Dit moet dus niet worden overdreven. Als u elke keer als ik niet meega met een missie van Voka, protesteert, denk ik dat er enig misverstand bestaat in hoe u denkt dat ik mijn functie moet invullen. Ik ga naar het buitenland wanneer er een toegevoegde waarde is, met F.I.T. en met duidelijke afspraken, waarbij we zo veel mogelijk contracten ondertekenen en contacten leggen. Ik ga heel graag naar het buitenland op vakantie, maar dat doe ik dan tijdens de vakantieperiode en niet in mijn functie, omdat dat in deze commissie en daarbuiten niet zou worden geapprecieerd.

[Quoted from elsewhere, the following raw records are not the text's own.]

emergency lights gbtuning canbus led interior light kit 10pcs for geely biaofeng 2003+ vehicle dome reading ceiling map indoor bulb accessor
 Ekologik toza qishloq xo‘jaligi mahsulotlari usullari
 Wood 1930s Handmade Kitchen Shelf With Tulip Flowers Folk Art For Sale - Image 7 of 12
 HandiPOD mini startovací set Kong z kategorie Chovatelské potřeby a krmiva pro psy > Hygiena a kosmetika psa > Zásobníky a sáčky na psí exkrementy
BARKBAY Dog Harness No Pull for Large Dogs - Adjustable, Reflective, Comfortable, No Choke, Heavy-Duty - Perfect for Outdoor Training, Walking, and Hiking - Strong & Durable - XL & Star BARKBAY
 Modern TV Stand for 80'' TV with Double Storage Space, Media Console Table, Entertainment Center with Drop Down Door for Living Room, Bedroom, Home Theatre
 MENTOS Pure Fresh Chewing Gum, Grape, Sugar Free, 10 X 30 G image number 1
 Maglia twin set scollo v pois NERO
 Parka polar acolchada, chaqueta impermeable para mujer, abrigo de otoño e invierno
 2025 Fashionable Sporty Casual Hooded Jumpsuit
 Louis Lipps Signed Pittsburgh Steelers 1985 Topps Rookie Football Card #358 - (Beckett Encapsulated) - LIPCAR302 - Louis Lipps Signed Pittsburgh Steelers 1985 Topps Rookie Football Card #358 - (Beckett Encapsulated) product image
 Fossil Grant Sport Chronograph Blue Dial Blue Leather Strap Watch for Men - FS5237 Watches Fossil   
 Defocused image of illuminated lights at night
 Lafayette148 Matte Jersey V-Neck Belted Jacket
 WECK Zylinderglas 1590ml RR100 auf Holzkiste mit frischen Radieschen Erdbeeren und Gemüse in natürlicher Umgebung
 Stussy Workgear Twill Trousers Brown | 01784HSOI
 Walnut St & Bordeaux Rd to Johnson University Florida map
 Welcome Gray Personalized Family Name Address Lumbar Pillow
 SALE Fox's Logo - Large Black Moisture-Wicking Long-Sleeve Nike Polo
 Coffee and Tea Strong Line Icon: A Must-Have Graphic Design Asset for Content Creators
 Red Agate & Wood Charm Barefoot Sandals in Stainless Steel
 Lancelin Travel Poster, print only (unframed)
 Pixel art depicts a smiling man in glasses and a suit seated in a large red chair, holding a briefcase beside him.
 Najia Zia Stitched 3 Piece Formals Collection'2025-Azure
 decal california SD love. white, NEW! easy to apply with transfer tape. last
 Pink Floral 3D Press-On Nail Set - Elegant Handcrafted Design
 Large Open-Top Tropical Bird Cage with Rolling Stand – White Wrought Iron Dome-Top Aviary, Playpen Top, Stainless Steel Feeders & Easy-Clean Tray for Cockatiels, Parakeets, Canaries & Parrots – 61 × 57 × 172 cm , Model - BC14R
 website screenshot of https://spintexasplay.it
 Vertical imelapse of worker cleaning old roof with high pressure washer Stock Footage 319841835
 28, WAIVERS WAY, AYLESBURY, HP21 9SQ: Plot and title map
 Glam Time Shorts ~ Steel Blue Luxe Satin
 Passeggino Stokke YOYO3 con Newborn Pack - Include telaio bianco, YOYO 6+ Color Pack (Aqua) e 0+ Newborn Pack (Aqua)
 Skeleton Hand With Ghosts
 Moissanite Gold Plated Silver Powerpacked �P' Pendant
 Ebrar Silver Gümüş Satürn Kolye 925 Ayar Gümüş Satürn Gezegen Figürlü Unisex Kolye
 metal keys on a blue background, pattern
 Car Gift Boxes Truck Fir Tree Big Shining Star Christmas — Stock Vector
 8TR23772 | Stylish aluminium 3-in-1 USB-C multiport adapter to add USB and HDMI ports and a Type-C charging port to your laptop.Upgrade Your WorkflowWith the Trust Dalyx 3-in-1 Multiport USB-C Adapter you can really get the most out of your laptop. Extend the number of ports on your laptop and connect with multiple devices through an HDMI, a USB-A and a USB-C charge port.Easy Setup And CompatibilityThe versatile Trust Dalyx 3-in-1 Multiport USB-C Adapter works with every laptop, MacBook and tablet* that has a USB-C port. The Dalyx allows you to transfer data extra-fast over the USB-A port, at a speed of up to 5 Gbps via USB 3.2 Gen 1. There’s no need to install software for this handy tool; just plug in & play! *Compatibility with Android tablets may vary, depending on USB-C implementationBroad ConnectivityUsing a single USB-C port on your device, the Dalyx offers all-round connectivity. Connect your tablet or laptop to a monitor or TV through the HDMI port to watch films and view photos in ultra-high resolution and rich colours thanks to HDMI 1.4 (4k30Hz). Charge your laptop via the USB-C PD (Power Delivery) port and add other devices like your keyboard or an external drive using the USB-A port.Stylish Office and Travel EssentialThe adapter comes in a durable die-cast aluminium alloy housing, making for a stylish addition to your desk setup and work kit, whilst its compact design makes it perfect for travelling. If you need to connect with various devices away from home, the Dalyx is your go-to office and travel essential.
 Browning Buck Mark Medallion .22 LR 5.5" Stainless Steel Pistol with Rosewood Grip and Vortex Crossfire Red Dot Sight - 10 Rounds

De heer Karim Van Overmeire : Minister-president, u legt in mijn vraag een klemtoon die er helemaal niet is. De kern van de zaak is niet dat een federale minister zegt dat hij op plezierreis is geweest naar Australië, maar dat hij optreedt op een bevoegdheidsterrein van de Vlaamse Regering en zegt dat hij daar aan politiek is gaan doen, terwijl dat uw bevoegdheid is. En dit is geen alleenstaand feit. Het past in een hele reeks van soortgelijke incidenten. Volgens mij, en volgens vele andere collegas, zit daar een duidelijke strategie achter. De vraag is hoe u daarop reageert.
Ik begrijp ook wel dat u niet telkens kunt meegaan. Dat was ook niet de kern van mijn vraag. De vraag is hoe u reageert op die systematische federale recuperatie van een exclusieve Vlaamse bevoegdheid.
Mevrouw Fientje Moerman : Minister-president, ik heb duidelijk gezegd dat ik u groot gelijk geef dat u niet achter de agenda van welke organisatie dan ook aanholt. Dat is niet waar het deze commissie om gaat. U moet uw eigen agenda bepalen, in functie van de prioriteiten die de Vlaamse Regering en de Vlaamse economie nodig hebben. Dat is evident.
Het gaat hier om het tweede luik. We hebben in deze commissie al een aantal keren iets gehad met verschillende personen in verschillende rollen, maar dat, los van de personen, altijd op hetzelfde neerkwam. Daar ben ik toch bezorgd over.
Minister-president Kris Peeters : Maar ik deel die bezorgdheid. Ik heb daar al met Yves Leterme en Steven Vanackere over gesproken. Ik zal niet toelaten dat men de kaas van tussen mijn brood eet. Dat is tegen mijn karakter.
De voorzitter : Het incident is gesloten.